*** Block opens ***

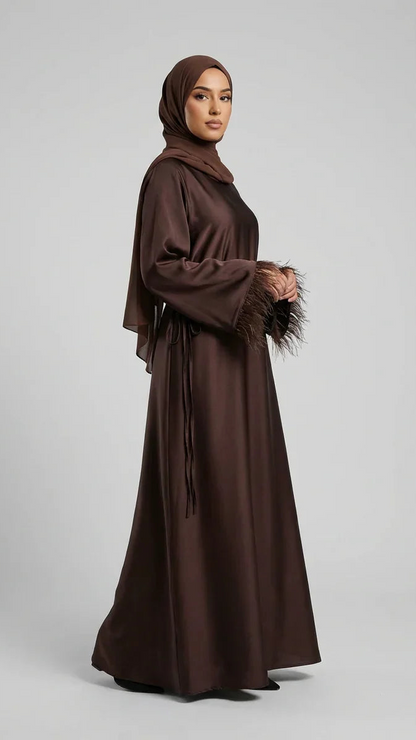 Mannequin portant une abaya satin marron Muneera avec manches à plumes, mode modeste élégante.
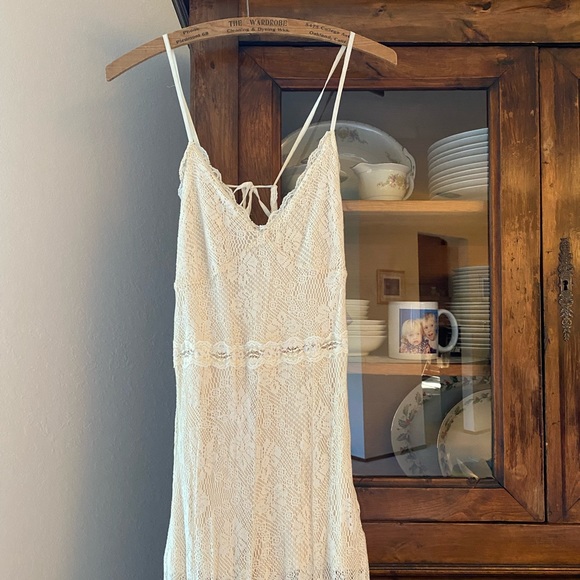 Ecoté White Lace Wide Leg Jumpsuit - Picture 2 of 12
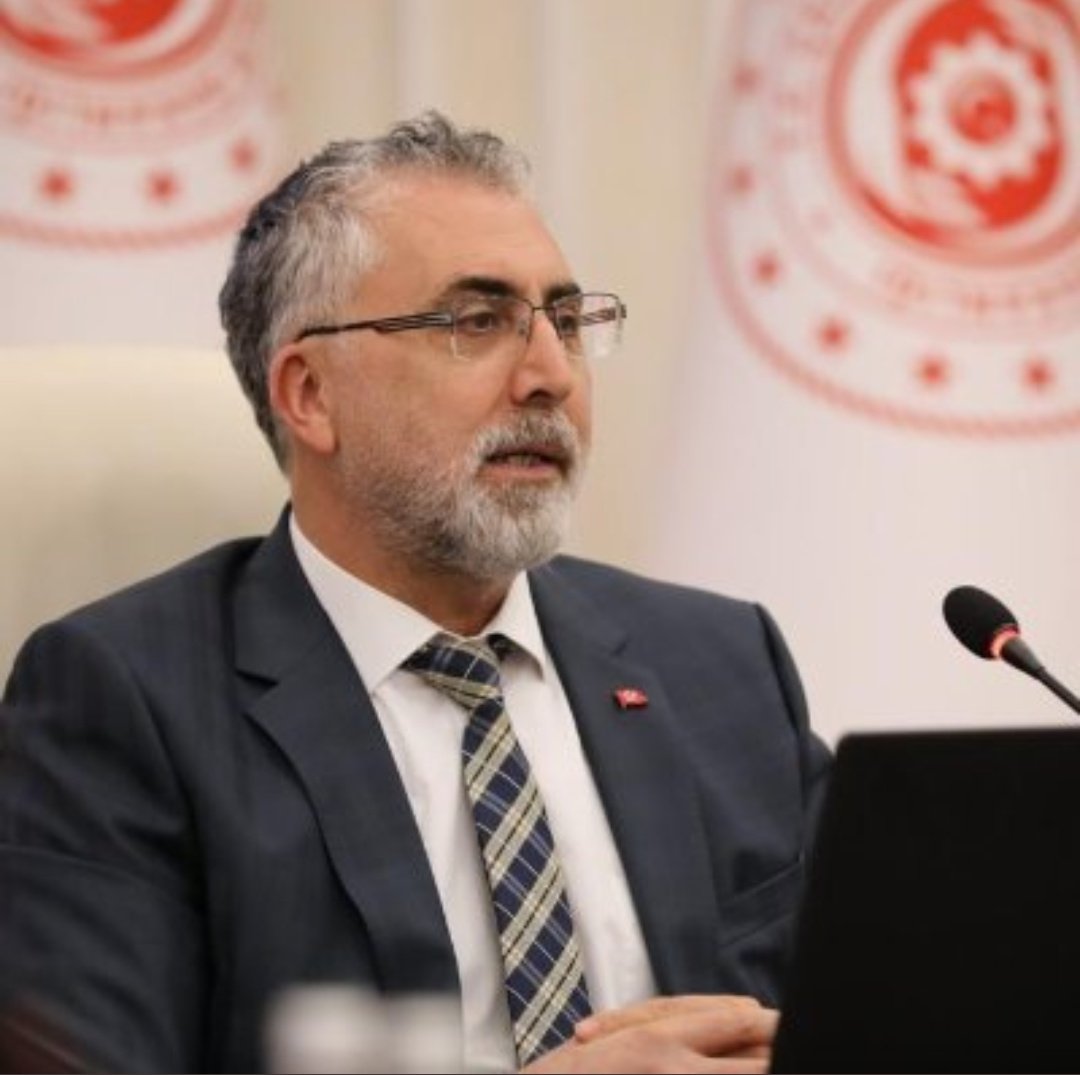 Sosyal Hizmet camiasından bir Bakan. Gurur duyduk! Hacettepe Üniversitesi Sosyal Hizmet Bölümünden Prof. Dr. Vedat IŞIKHAN hocamızı üstlendiği Çalışma ve Sosyal Güvenlik Bakanlığı görevinden dolayı kutlar, başarılarının devamını dilerim.
#SosyalHizmet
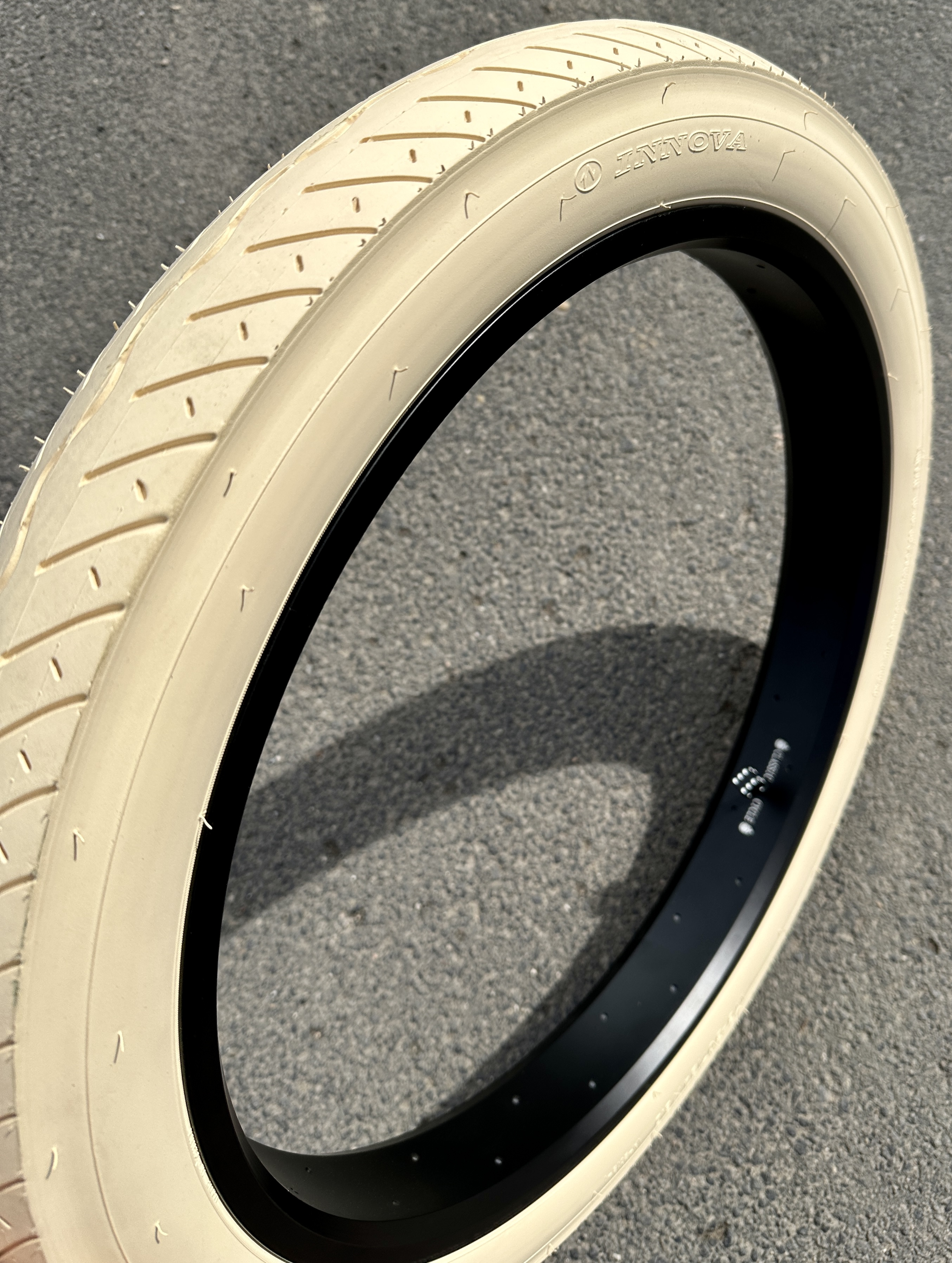 Reifen Street Hog 24 x 3.0 creme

*** Block closes ***

** Work to complete **
Find the line holding "Sosyal Hizmet camiasından" in the data above. Retype it and every later line exactly, through the end, but not the pictures.

** Answer **
 Sosyal Hizmet camiasından bir Bakan. Gurur duyduk! Hacettepe Üniversitesi Sosyal Hizmet Bölümünden Prof. Dr. Vedat IŞIKHAN hocamızı üstlendiği Çalışma ve Sosyal Güvenlik Bakanlığı görevinden dolayı kutlar, başarılarının devamını dilerim.
#SosyalHizmet
 Reifen Street Hog 24 x 3.0 creme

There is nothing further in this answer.